_Input_

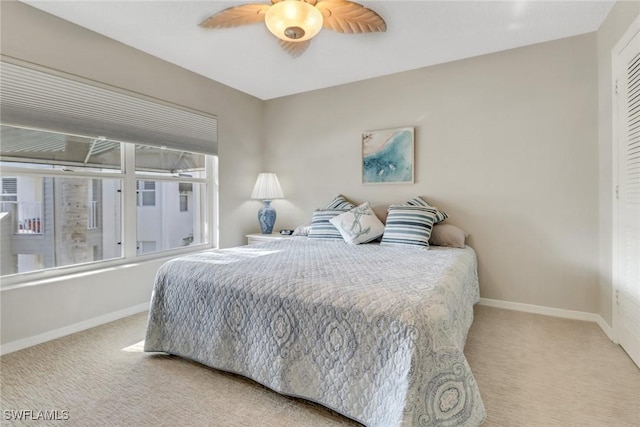 bedroom with a ceiling fan, baseboards, and carpet floors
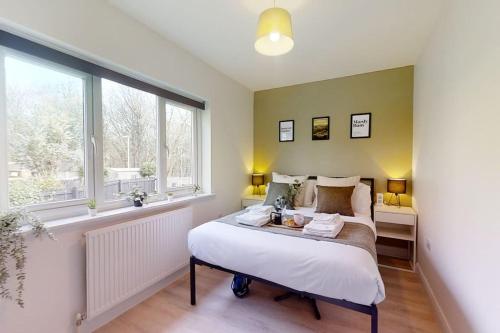 a bedroom with a bed and a window at Oakwell View - Modern 3 Bed Home in Barnsley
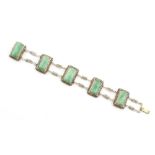 Property of a lady - a Chinese unmarked filigree silver & jadeite rectangular panel bracelet, the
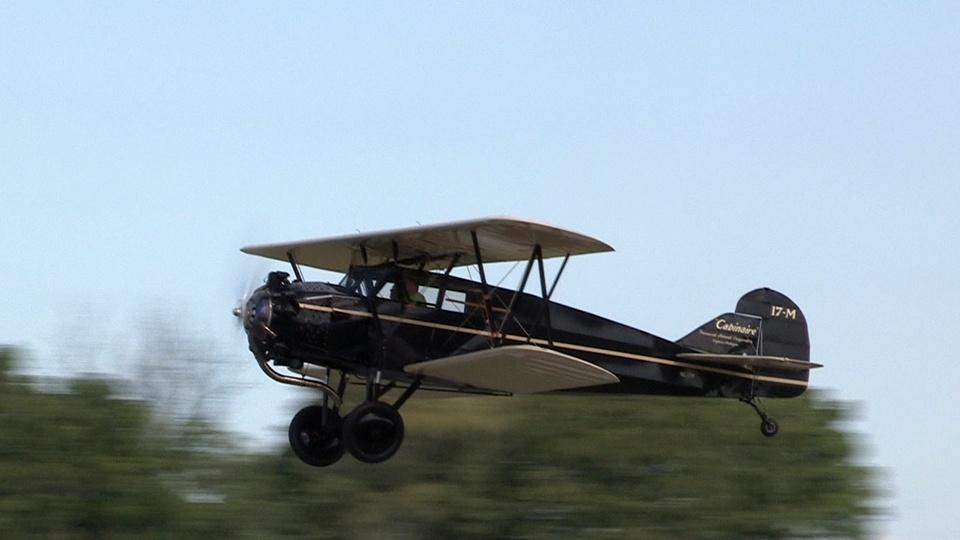 A propeller-driven Cabinaire airplane in flight.
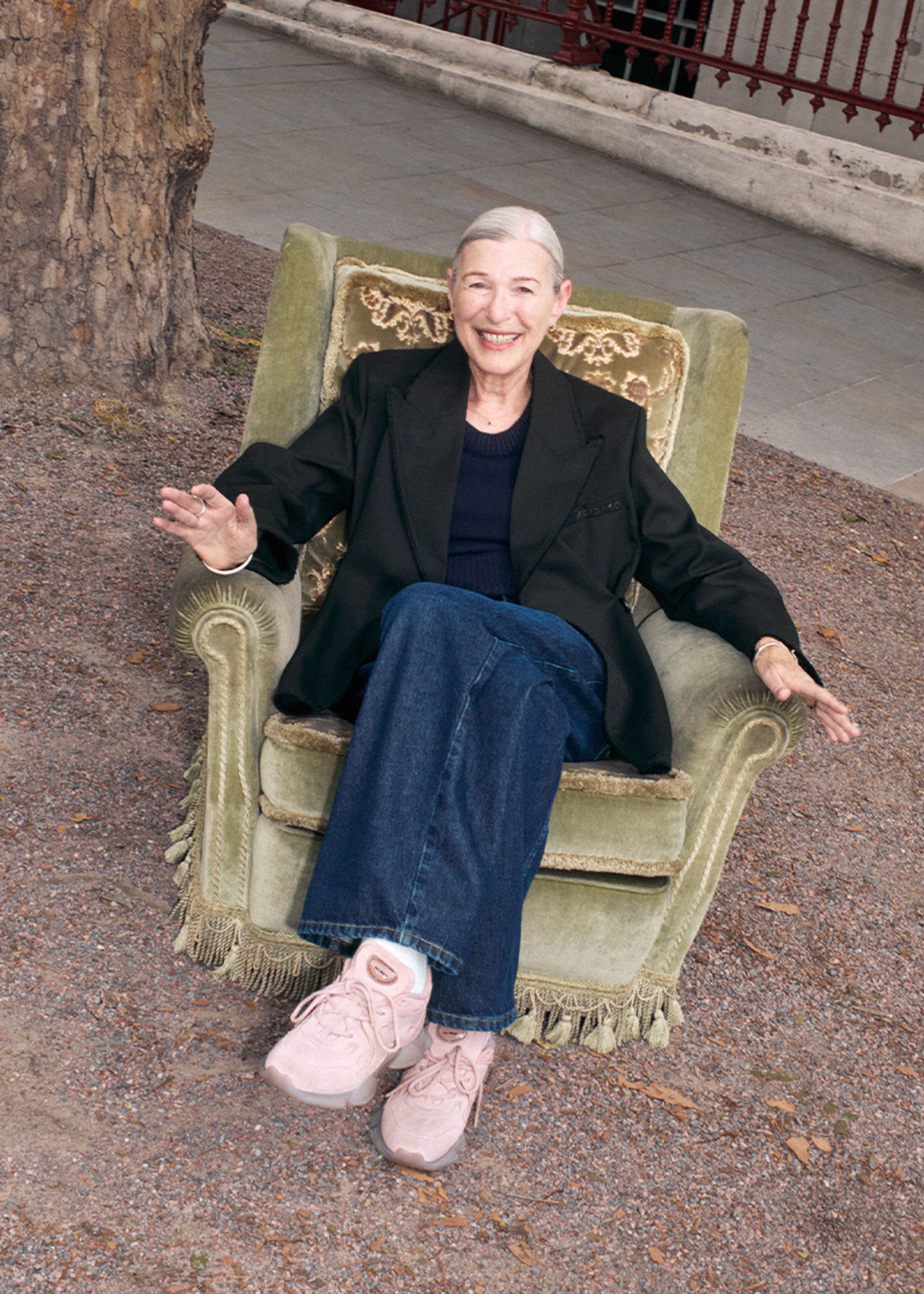 Elderly woman smiling, seated in a green armchair outdoors, wearing a black blazer, blue jeans, and pink shoes, with a tree in the background.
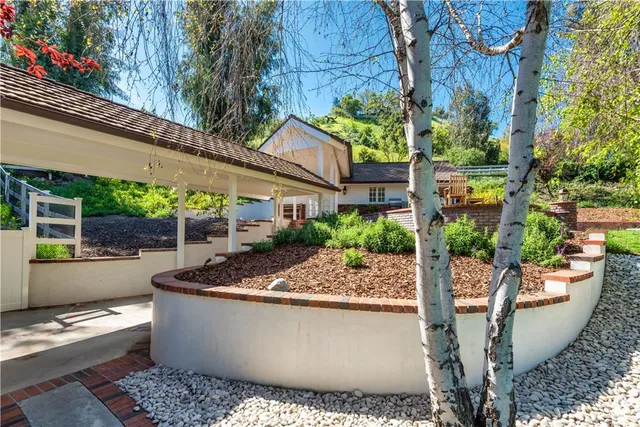 a view of a patio with couches plants and tree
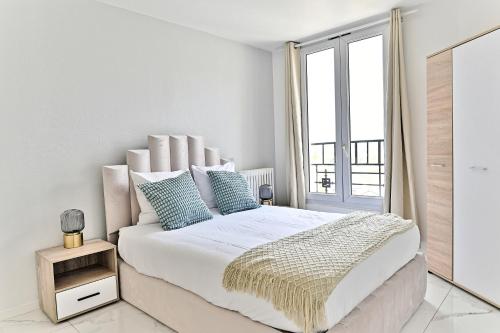 a white bedroom with a large bed and a window at Appartement moderne proche Paris - Gagny in Gagny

_Activity_
Drop every image, please, and write out the data above exactly as shown.

_Written solution_
 bedroom with a ceiling fan, baseboards, and carpet floors
 a bedroom with a bed and a window at Oakwell View - Modern 3 Bed Home in Barnsley
 Property of a lady - a Chinese unmarked filigree silver & jadeite rectangular panel bracelet, the
 A propeller-driven Cabinaire airplane in flight.
 Elderly woman smiling, seated in a green armchair outdoors, wearing a black blazer, blue jeans, and pink shoes, with a tree in the background.
 a view of a patio with couches plants and tree
 a white bedroom with a large bed and a window at Appartement moderne proche Paris - Gagny in Gagny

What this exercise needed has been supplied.